We have said an fdd family describes a process. The converse — that a suitable family actually builds one — is a genuine theorem, and it is what lets us define processes by listing their finite laws instead of constructing paths by hand.

Kolmogorov's extension theorem. Given a family of finite-dimensional distributions \{\mu_{t_1, \dots, t_n}\} that satisfies the two consistency conditions above (marginalisation and permutation), there exists a probability space (\Omega, \mathcal{F}, \mathbb{P}) and a process (X_t)_{t \in T} on it whose finite-dimensional distributions are exactly the given \mu_{t_1, \dots, t_n}.

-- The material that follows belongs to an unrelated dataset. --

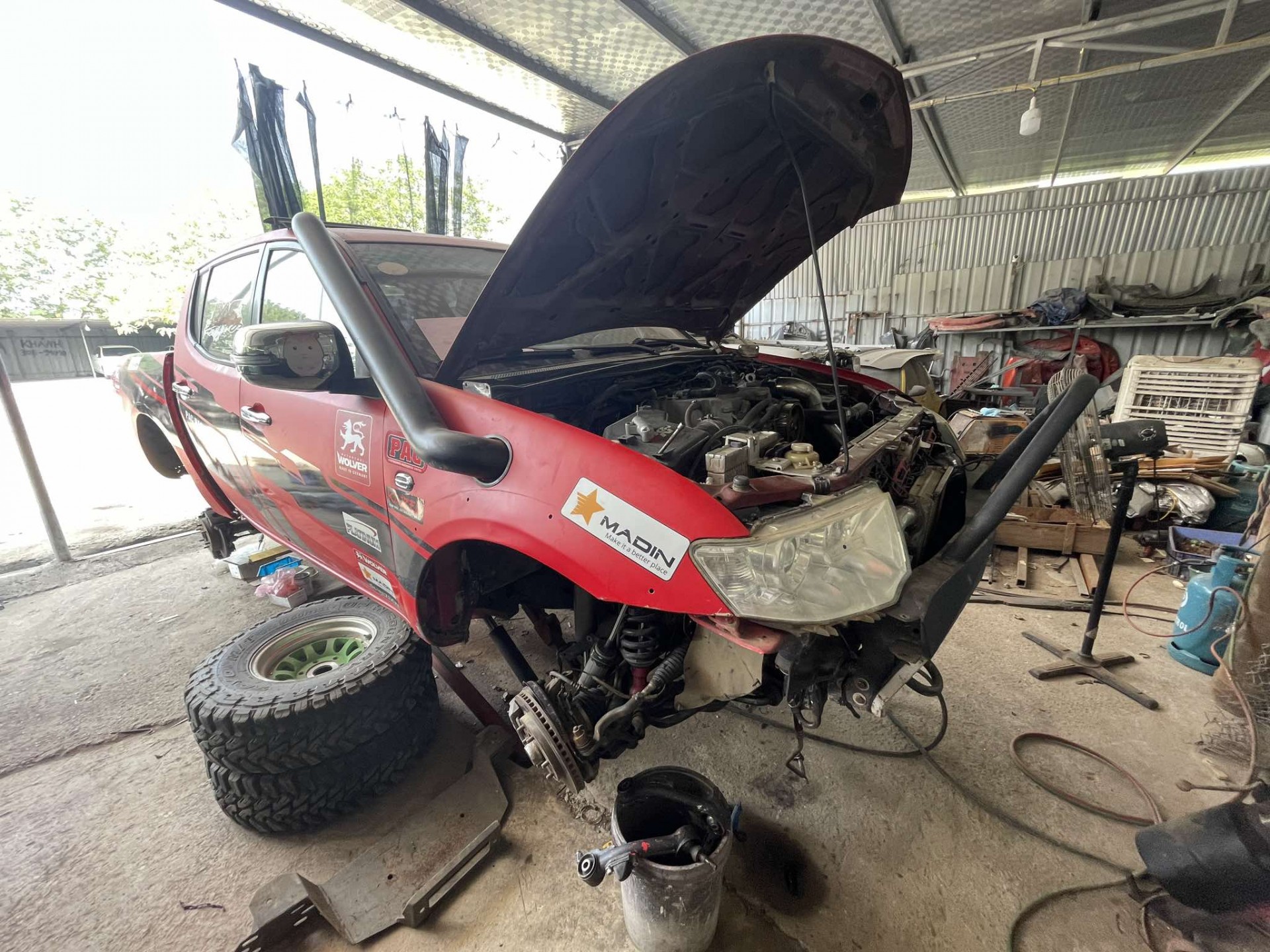 Đột nhập xưởng độ xe chuyên nghiệp, hành trình phía sau màn đua nảy lửa Đột nhập xưởng độ xe chuyên nghiệp, hành trình phía sau màn đua nảy lửa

This is the licence behind every "let (W_t) be a Brownian motion": one specifies the Gaussian fdds, checks consistency, and the theorem hands back an honest process realising them — no explicit \Omega required.

One subtlety — versions and modifications. The fdds fix the law at finitely many times, but they are silent about the fine structure of the paths. Two processes (X_t) and (Y_t) with identical fdds are called versions (or, when \mathbb{P}[X_t = Y_t] = 1 at each fixed t, modifications) of one another — yet one can have continuous paths and the other not. The fdds choose the process up to its finite-time law; an extra argument (a path regularity criterion, such as Kolmogorov's continuity theorem) is needed to pick the continuous version we usually want.

Adapted to the flow of information

Time also carries information. A filtration (\mathcal{F}_t)_{t \in T} is an increasing family of σ-algebras, \mathcal{F}_s \subseteq \mathcal{F}_t for s \le t — the growing record of what is known by each time. A process is adapted to (\mathcal{F}_t) when every X_t is \mathcal{F}_t-measurable:

X_t \text{ is known by time } t \quad\text{for every } t.

No peeking into the future. A trading strategy may use today's price and all of history, but not tomorrow's — adaptedness is the precise statement of that honesty. Classic examples: the discrete random walk; the continuous Bachelier–Wiener Brownian motion; and the Poisson process counting arrivals over time.